Унылая пора! очей очарованье!
Приятна мне твоя прощальная краса —
Люблю я пышное природы увяданье,
В багрец и в золото одетые леса...

«Осень», 1833)

В стихотворении говорится об осени, — и это настоящая объективная осень в русской природе, противопоставленная весне, когда — «вонь, грязь — весной я болен». Но в то же время осень — пора умиранья и печали, — это и пора, когда природа, умирая, обосновывает новое рожденье будущего расцвета, осень — это не только биографически, для самого Пушкина, пора творчества, это — образ вечной творческой силы природы, несокрушимой и в видимости смерти; а за этим — смутный, но потрясающий образ вечной и свободной творческой силы гения человеческого (поэзии), свободно создающей даже в трагическом затухании внешней жизни. Я не хочу сказать, конечно, что в «Осени» Пушкина зашифрована мысль о поэте в николаевской действительности; это была бы явная натяжка; но я думаю, что идейно эмоциональная, лирическая емкость образов и стиля «Осени» такова, что где-то в глубине перспективы значений и настроений стихотворения лежит общее чувство скорби умирания, побеждаемого творческим гением природы и поэзии, а это чувство, само по себе, имеет и свой политический адэкват. Так вот, — осень, оставаясь осенью, у Пушкина теперь больше, чем просто объективный пейзаж.
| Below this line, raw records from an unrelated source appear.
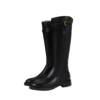 Alblue High Knee Boots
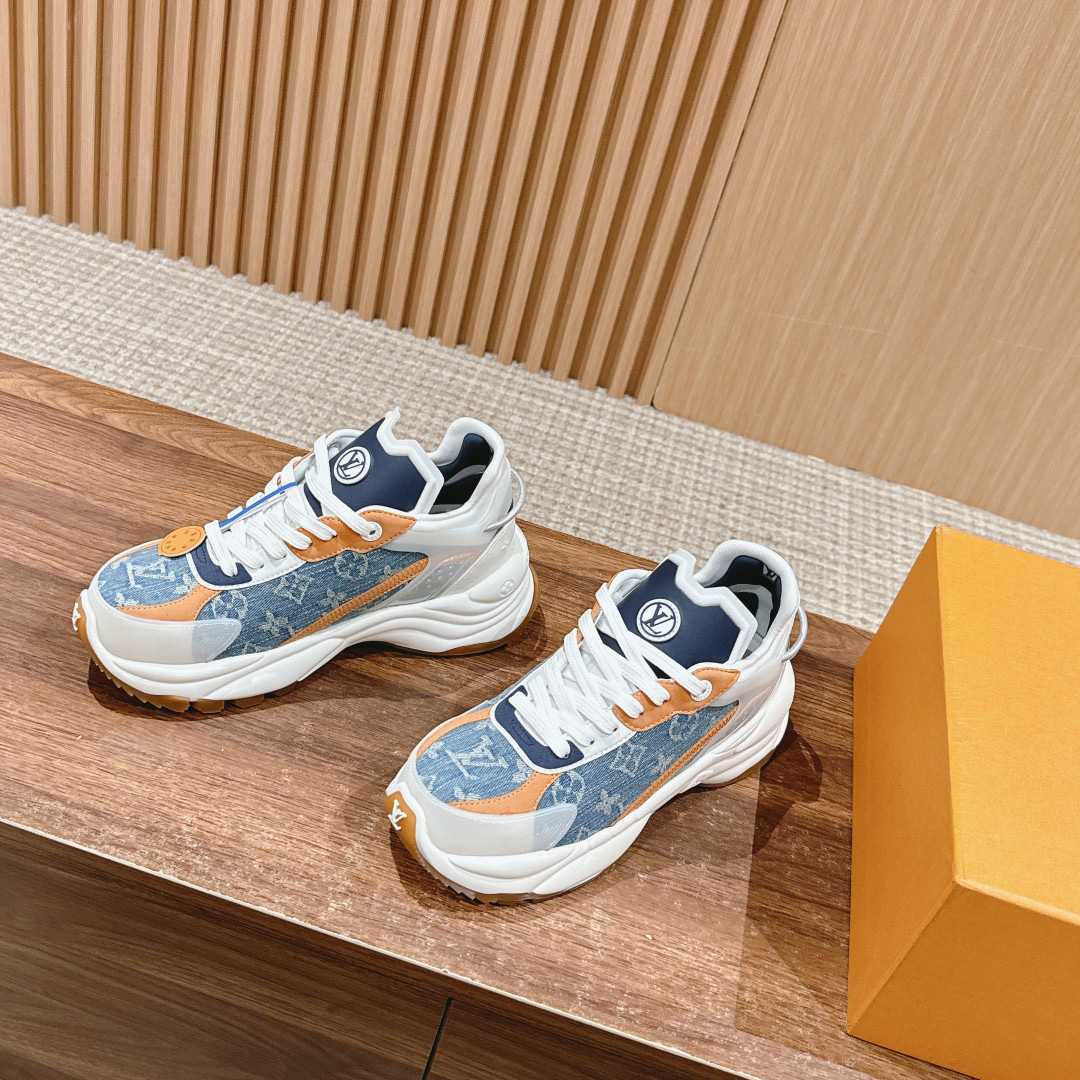 Louis Vuitton Run 55 Sneaker        1ACHTV       - EUR FASHION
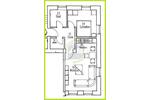 Erdgeschoßwohnung Chemnitz Ebersdorf - 2 Zimmer, 46 m&sup2;, 225&euro; | Angebot:25713822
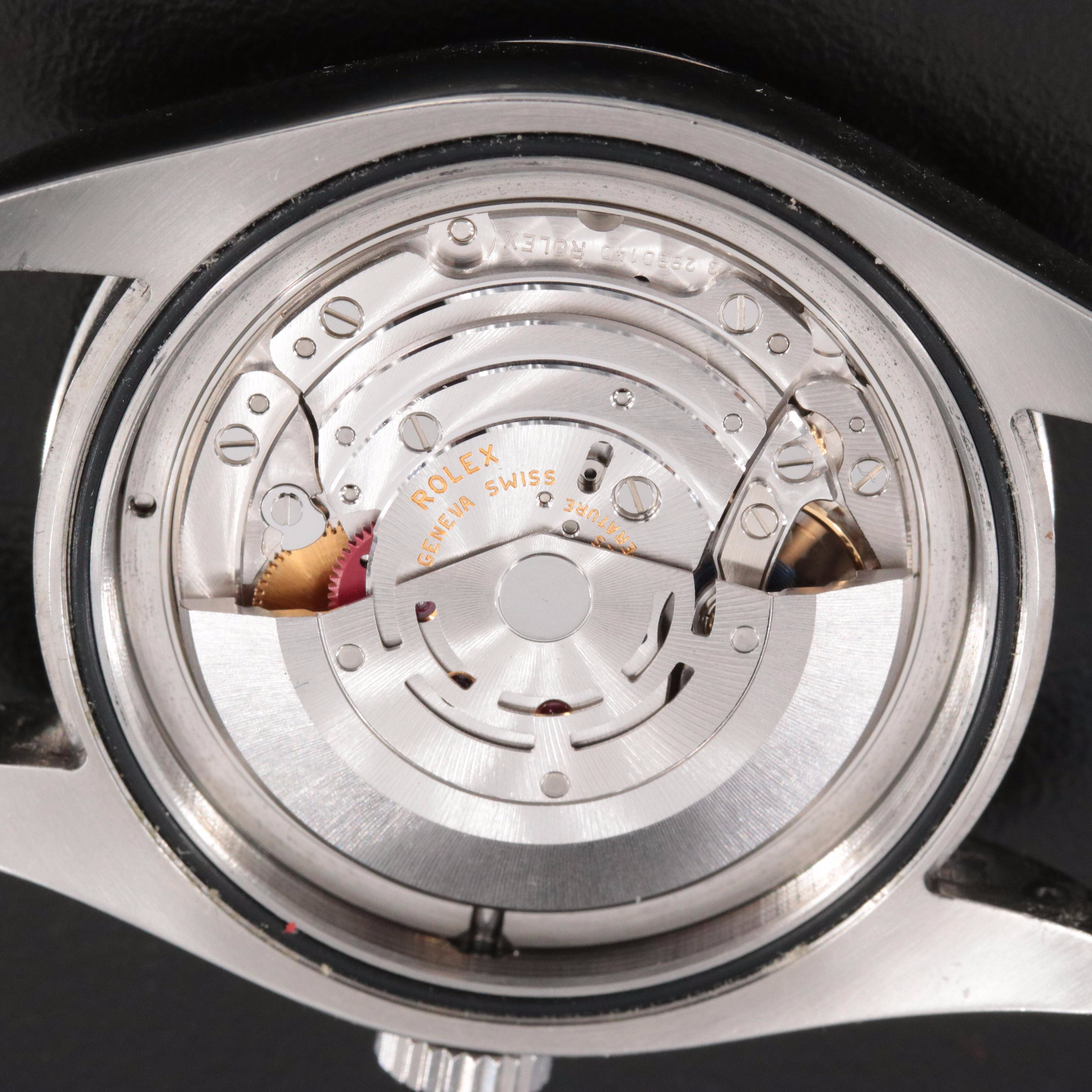 2008 Rolex Milgauss Ref. 116400 Watch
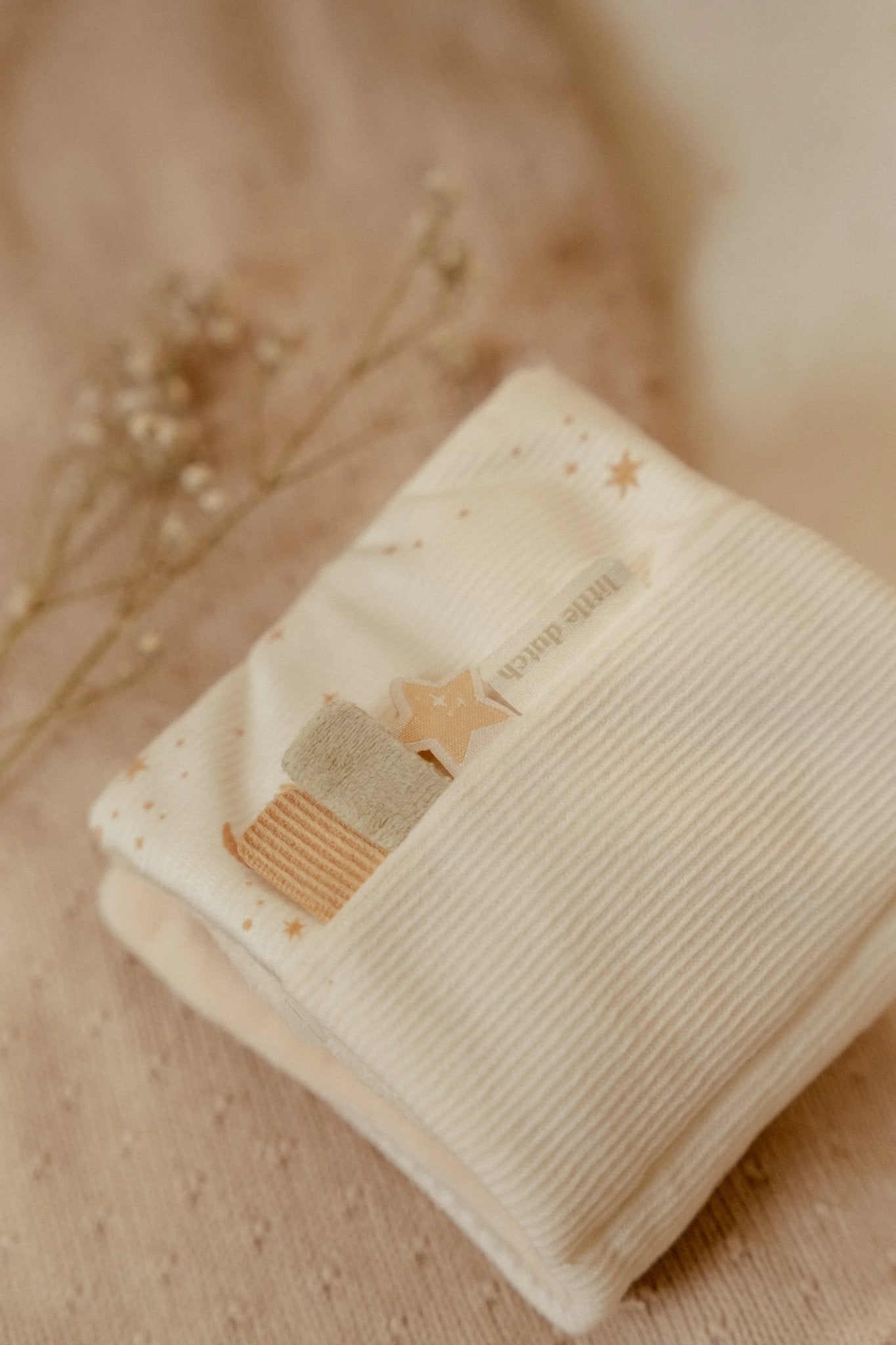 Buggyboekje Newborn Naturals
И это реализовано во всей системе семантики. Тут и лейтмотив тональности слова (унылая, прощальная, увяданье), эмоционально-психологически наполненного. Тут и оксюморон душевной диалектики: приятна — прощальная, люблю — увяданье, пышное увяданье. Тут и условно лирическая формула романтизма «прощальная краса». А между тем и при всем том, увяданье здесь — это действительно самое настоящее увяданье растения, а не «от любви теперь увяну» Батюшкова. И все же, оставаясь реальным, так сказать, ботанически точным обозначением факта в жизни растений, это слово осталось у Пушкина таким же лирическим символом, как у Батюшкова. Или эпитет «пышное увяданье», или гениальный стих:

В багрец и в золото одетые леса.

Багрец и золото, — вспомним багрец у Батюшкова. У Пушкина — иначе. У него багрец — это реальный красный цвет, а золото — тоже реальный цвет «объективных» увядающих листьев. В этом Пушкин — совсем не таков, как Жуковский или Батюшков. Но багрец и золото и у него — не только цвета листьев; ведь не сказал же он «точно, просто и ясно», как того требовал классицизм, — красные и желтые листья, а именно багрец и золото — это и цвета, и не только цвета, потому что Пушкин не откажется от добытого его учителями-романтиками понимания полисемантизма. Багрец и золото — слова, означающие, кроме цветов, еще и величие, и пышность, царственность; это — слова, обозначающие одеяние власти, силы, могущества. А ведь листва, как одеяние, — этот образ дан уже в первых стихах «Осени» («Уж роща отряхает...» и т. д.), и значение величия и пышности подготовлено строкой, непосредственно предшествующей разбираемому стиху — «пышное» природы увяданье, как бы трагическое величие умирания героя и властителя. Так картина природы, оставаясь «внешней» картиной природы, углубляется, а так как реальность не утеряна, как у Жуковского, то чувство, настроение становится идеей. В самом деле, Пушкин не просто склоняется перед царственным величием природы. Он проповедует идеал свободного творчества двух вечных сил, которые преодолевают все, даже смерть, — природы и поэзии, человеческого гения. Поэтому-то у него и «в багрец и в золото одетые леса», и «стихи свободно », и душа ищет «излиться, наконец, свободным ». И вот спокойное описание осени и осенних занятий поэта начинает звучать, как органная мелодия, славящая в жестокий век свободное могущество творчества. Так Пушкин, уже зрелый реалист, использует открытия романтиков, ставя их систему с головы на ноги, но сохраняя ее завоевания; так он решает проблему соотнесения объективного и субъективного, сливая субъективное с объективным и выводя его из реального. Раньше, в юности, он, еще романтик, усваивает систему романтиков, и вместе с ним его сверстники, друзья. Ее усвоил и Дельвиг, и Баратынский (с некоторыми заминками), и потом молодой Языков, каждый по-своему и все же в едином течении.